• Dott.ssa Emma Fortini

Una bocca è una persona e ogni persona ha una bocca!

L’approccio moderno è quello di valutare il paziente nel suo complesso, integrando alla medicina specialistica odontoiatrica le altre specializzazioni mediche, perché se la bocca è una parte molto importante dell'organismo nel suo insieme, il dentista ne è la sua “sentinella epidemiologica”.


Questo significa che l'odontoiatra deve saper valutare i “campanelli d’allarme” che rivelano un possibile e imminente sviluppo di malattie odontoiatriche e sistemiche potenzialmente gravi, prima che sia troppo tardi. Per questo bisogna prestare molta attenzione al colloquio con il paziente perché è un elemento basilare per valutare la sua situazione clinica.

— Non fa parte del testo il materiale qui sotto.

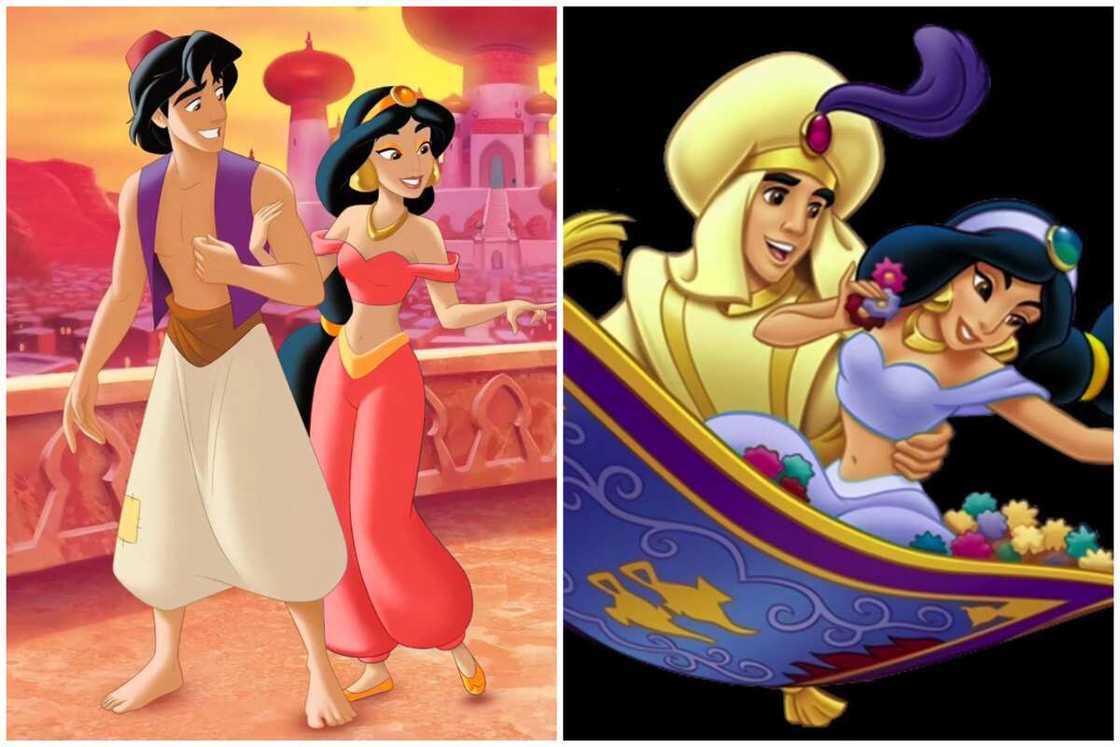 Male Disney characters Male Disney characters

Prendiamo per esempio la malattia parodontale: è una condizione che ha legami stretti con malattie gravi, che possono determinare conseguenze fatali o importanti disabilità, come:

  • il diabete,

  • le patologie cardiovascolari sostenute dalla disfunzione endoteliale (infarto, aterosclerosi, ipertensione arteriosa),

  • tumori dell’esofago,

  • Alzheimer,

  • maculopatia degenerativa,

  • malattie croniche del rene,

  • malattie del sistema respiratorio,

  • osteoporosi,

  • ictus,

  • complicanze durante la gravidanza,

  • obesità e sindrome metabolica,

  • dislipidemie.

Queste patologie sono tutte collegate alla malattia parodontale attraverso due principali meccanismi che inducono effetti infiammatori sistemici che coinvolgono tutto l'organismo e non solo localmente la bocca:

  • il passaggio diretto dei germi patogeni dalla bocca ad altri organi bersaglio, attraverso il circolo sanguigno;

  • l’infiammazione sistemica che viene generata dagli stessi germi mediata da molecole come alcune interleuchine (IL-6 ecc) e la proteina C reattiva (PCR).

È con questa visione moderna che abbiamo impostato la nostra attività odontoiatrica incastonandola in un contesto multi-specialistico, che consente una collaborazione diretta con gli altri medici come l’internista, il cardiologo, il neurologo, l’angiologo, il nutrizionista.

La salute è un bene prezioso che va protetto e preservato ancor di più in tempi difficili come i nostri.